There's not a lot of public oversight around these super sensitive databases about billions of people- Arvind Narayanan
In the Strava case, the data was openly published, but user data can also be revealed through hacking. For Arvind Narayanan, this threat is both a security and an oversight issue.
"There's not a lot of public oversight around these super sensitive databases about billions of people, that are held in company servers without a lot of accountability for where those servers are, how they're protected, and how the data collection and use is disclosed to users, and to regulators."

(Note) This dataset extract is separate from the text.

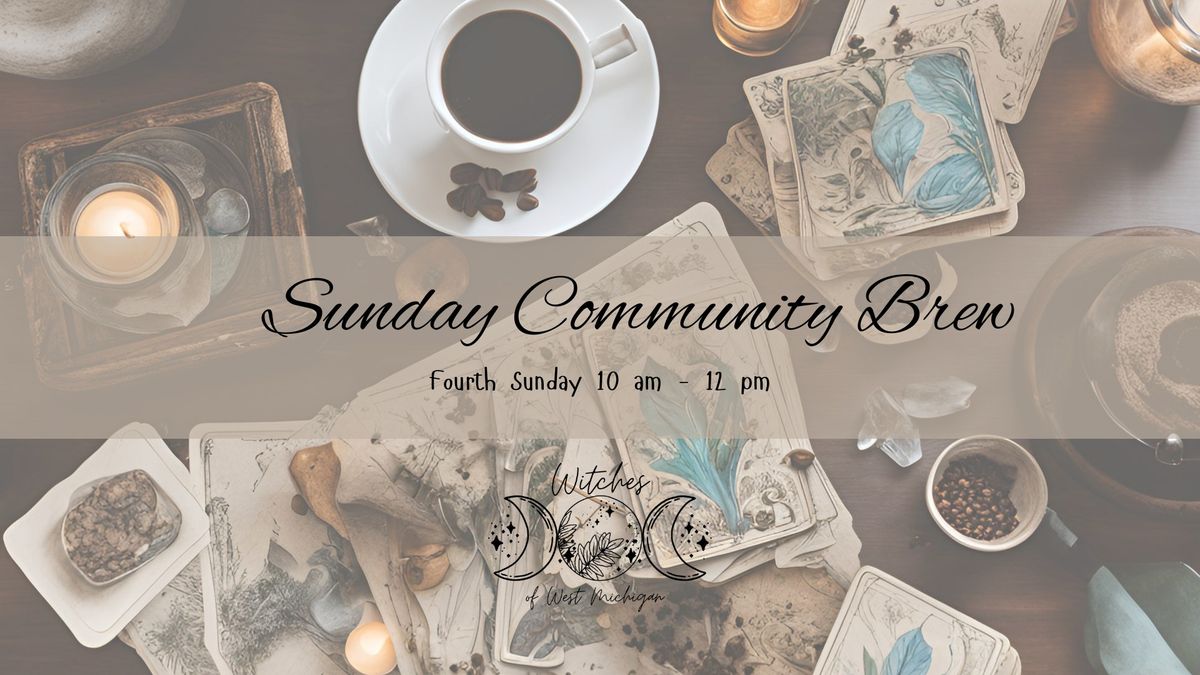 Sunday Community Brew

Everybody's behaviour collectively has an impact on everyone else's privacy- Arvind Narayanan
But the problem goes deeper. The Strava issue reflects a broader, misguided approach to data privacy by tech companies. "It's not so much that each individual user's behaviour affects only them, but in fact everybody's behaviour collectively has an impact on everyone else's privacy," Narayanan explained. "Arguing that 'your data is anonymized so you're not going to come to any harm' kind of breaks down here, once we start thinking of privacy as a collective issue."
It may be that the Strava story is a watershed moment in the way we think about data, but that depends on the lessons we take from it. "The right lesson to draw would be that we need to have a more nuanced appreciation of what privacy means," Narayanan said. "It simply cannot be boiled down to anonymity, or putting a bunch of check boxes...for users to figure out…[P]rivacy needs to be really integrated as a core part of the design process."